__RECORDS TO PROCESS__:
--

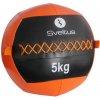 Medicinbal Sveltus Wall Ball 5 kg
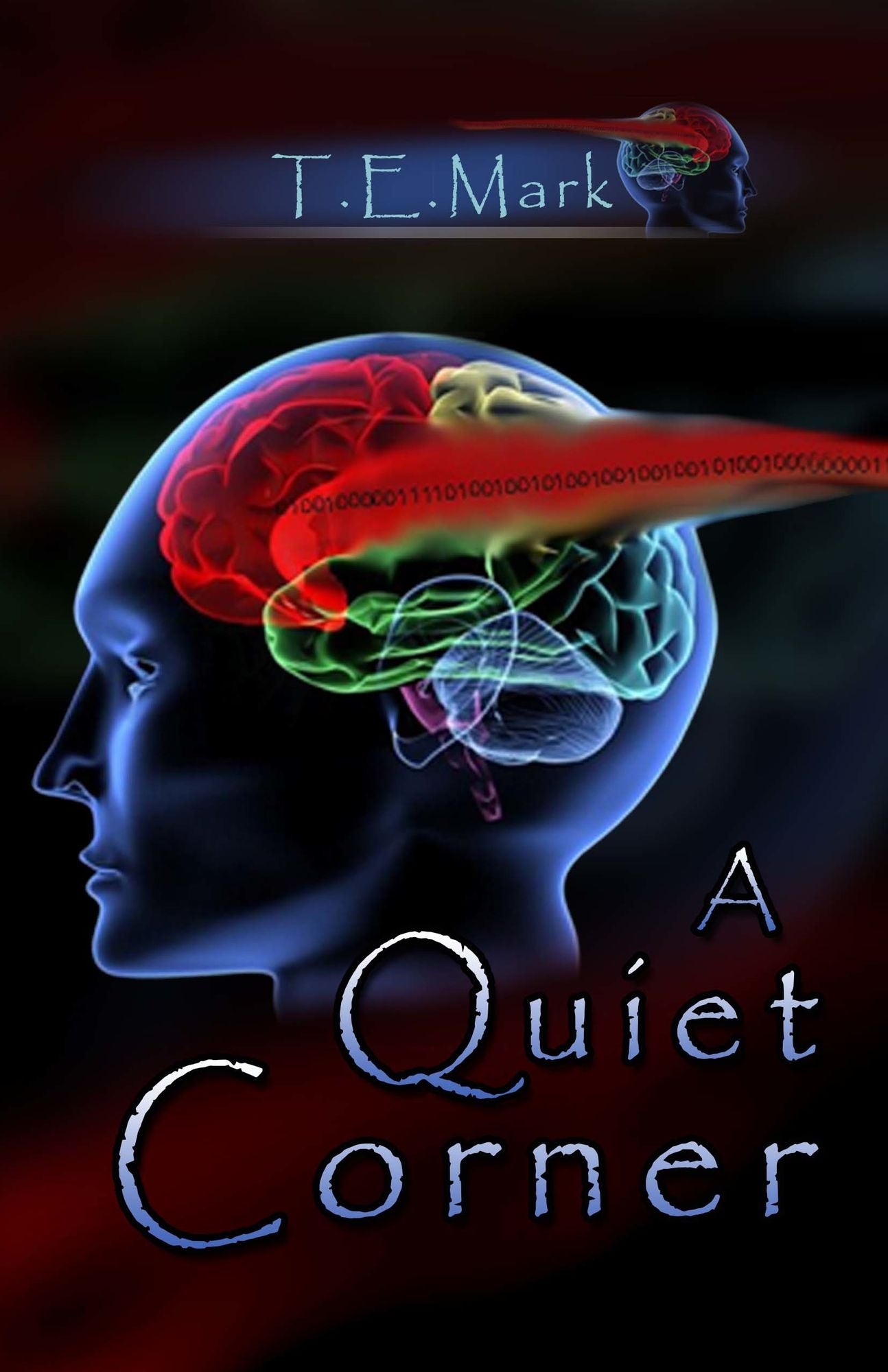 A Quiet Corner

--

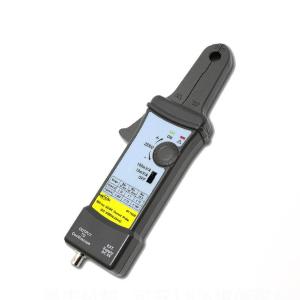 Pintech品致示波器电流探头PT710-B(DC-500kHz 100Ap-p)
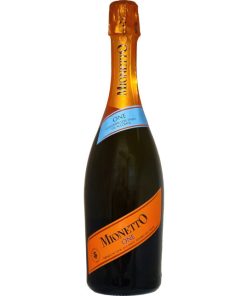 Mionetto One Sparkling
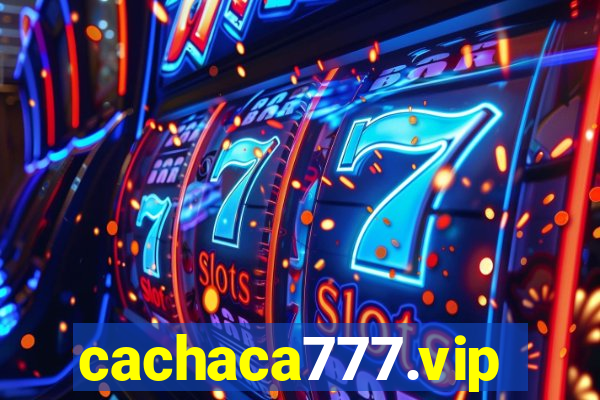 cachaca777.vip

--

__YOUR INSTRUCTIONS__:
Output only the lines above from the line that holds "Pintech品致示波器电流" through the line that holds "cachaca777.vip", both ends included, and exclude pictures.

__RESPONSE TO THIS EXERCISE__:
 Pintech品致示波器电流探头PT710-B(DC-500kHz 100Ap-p)
 Mionetto One Sparkling
 cachaca777.vip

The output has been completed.